Assigned task:
Your output must be the lines below from the line containing "Ενοπλος έχει εισβάλει" to the line containing "14 Western Barred", both lines included, reproduced exactly and without pictures.

Extracted data:
---
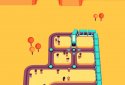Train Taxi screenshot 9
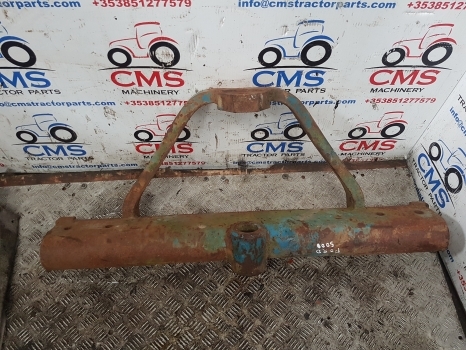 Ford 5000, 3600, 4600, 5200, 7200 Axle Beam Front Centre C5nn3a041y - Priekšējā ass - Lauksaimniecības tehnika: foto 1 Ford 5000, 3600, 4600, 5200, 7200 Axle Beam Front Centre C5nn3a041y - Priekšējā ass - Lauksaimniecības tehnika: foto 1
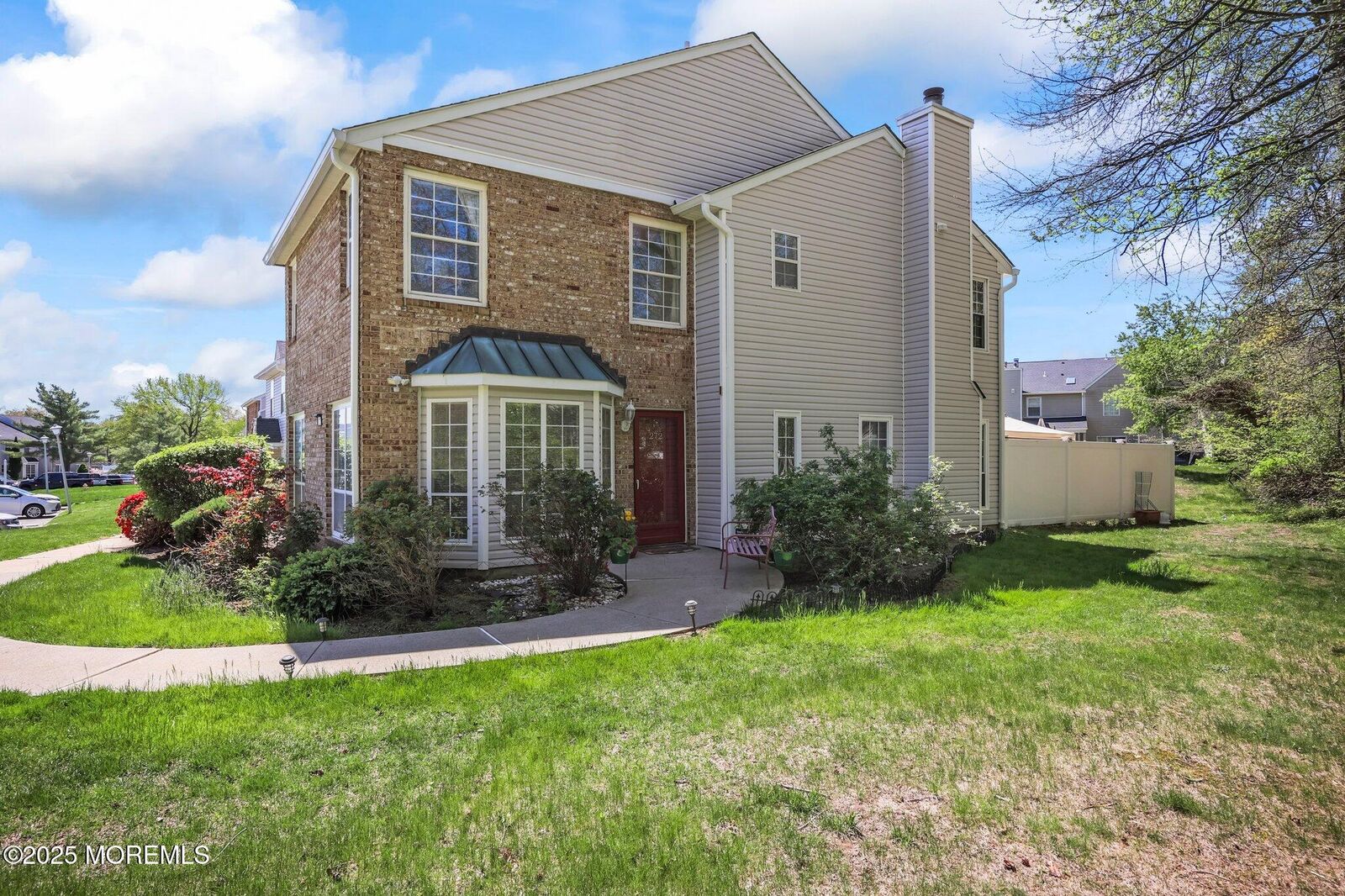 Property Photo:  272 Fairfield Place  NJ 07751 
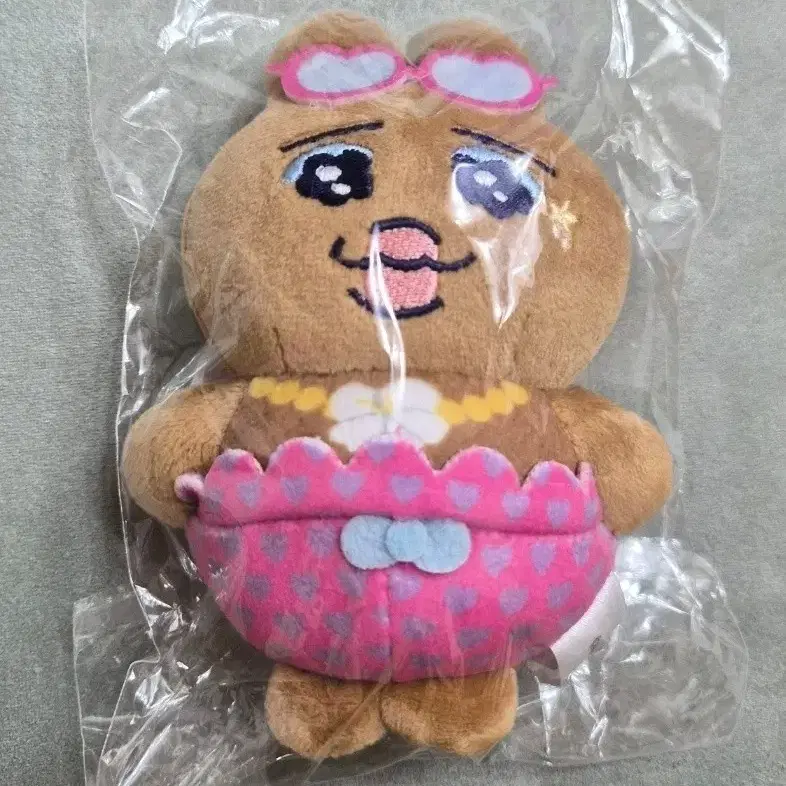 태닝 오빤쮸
---
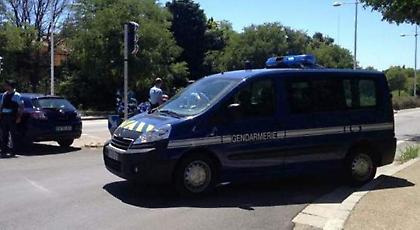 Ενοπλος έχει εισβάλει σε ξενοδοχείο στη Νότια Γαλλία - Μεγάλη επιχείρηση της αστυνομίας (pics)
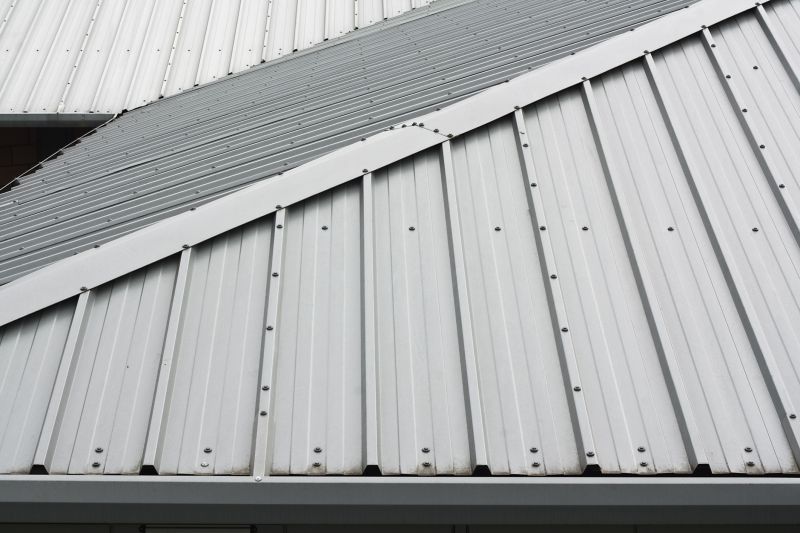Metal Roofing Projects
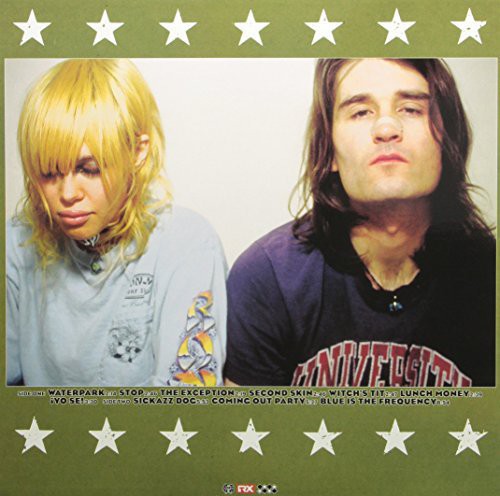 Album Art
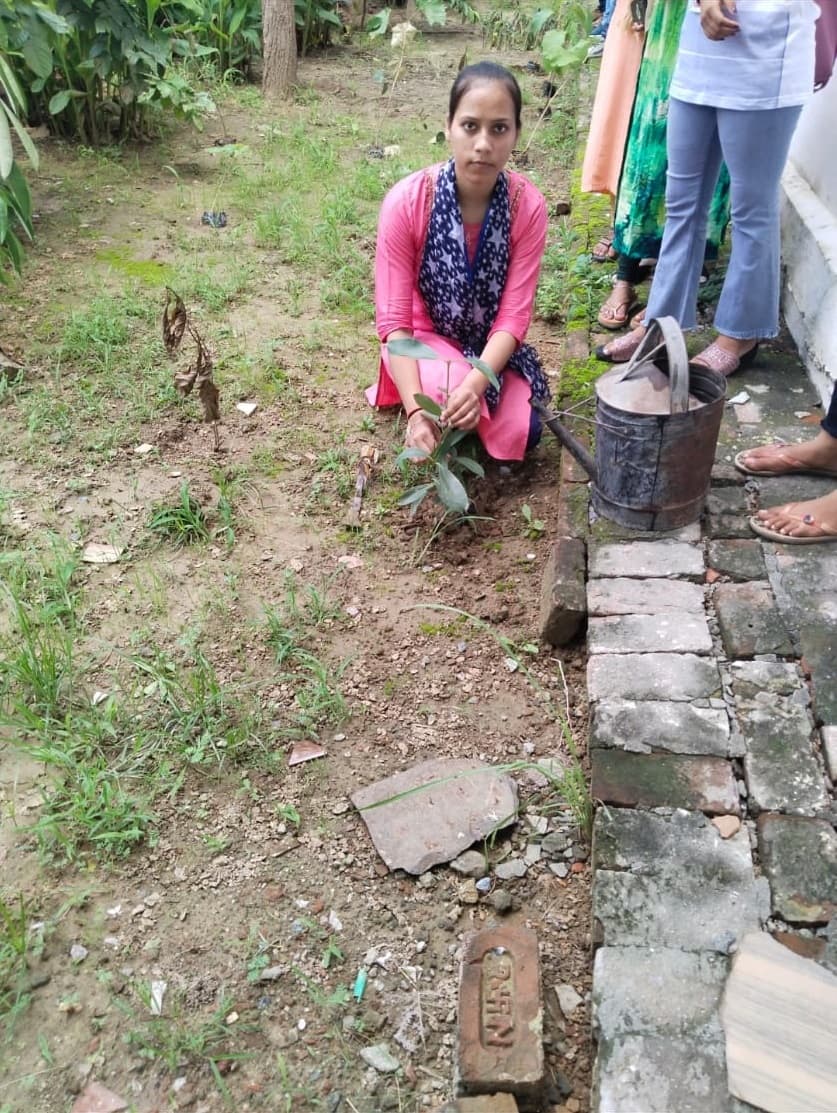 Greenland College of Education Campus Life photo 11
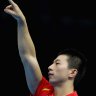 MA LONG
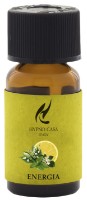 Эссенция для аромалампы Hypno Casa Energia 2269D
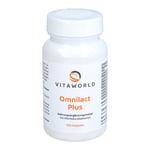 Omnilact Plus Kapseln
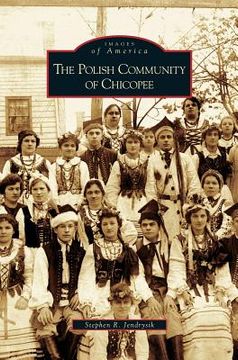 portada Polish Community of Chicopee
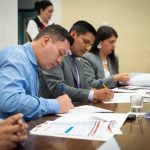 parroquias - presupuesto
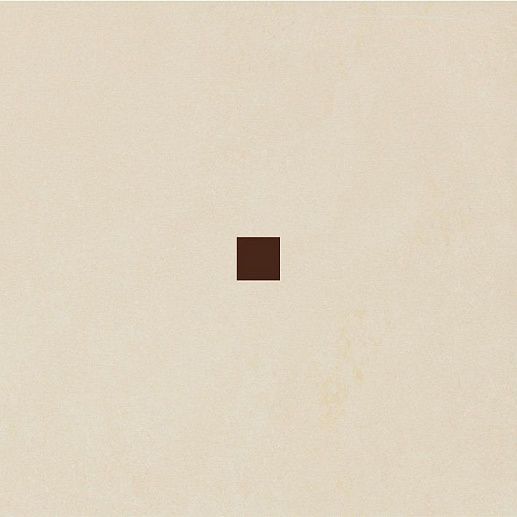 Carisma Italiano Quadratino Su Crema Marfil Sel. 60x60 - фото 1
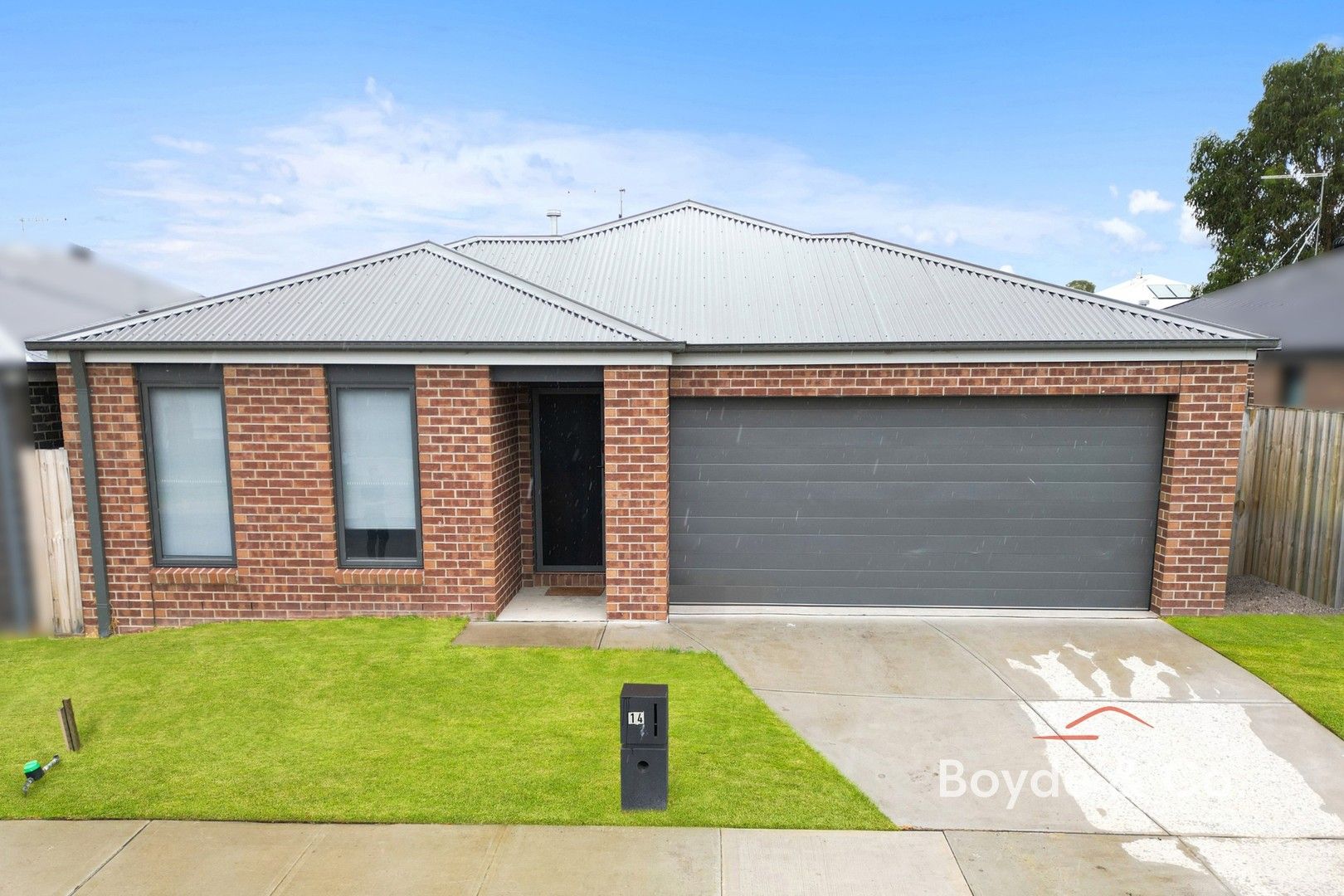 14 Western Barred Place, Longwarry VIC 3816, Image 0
---
Response area:
 Ενοπλος έχει εισβάλει σε ξενοδοχείο στη Νότια Γαλλία - Μεγάλη επιχείρηση της αστυνομίας (pics)
Metal Roofing Projects
 Album Art
 Greenland College of Education Campus Life photo 11
 MA LONG
 Эссенция для аромалампы Hypno Casa Energia 2269D
 Omnilact Plus Kapseln
 portada Polish Community of Chicopee
 parroquias - presupuesto
 Carisma Italiano Quadratino Su Crema Marfil Sel. 60x60 - фото 1
 14 Western Barred Place, Longwarry VIC 3816, Image 0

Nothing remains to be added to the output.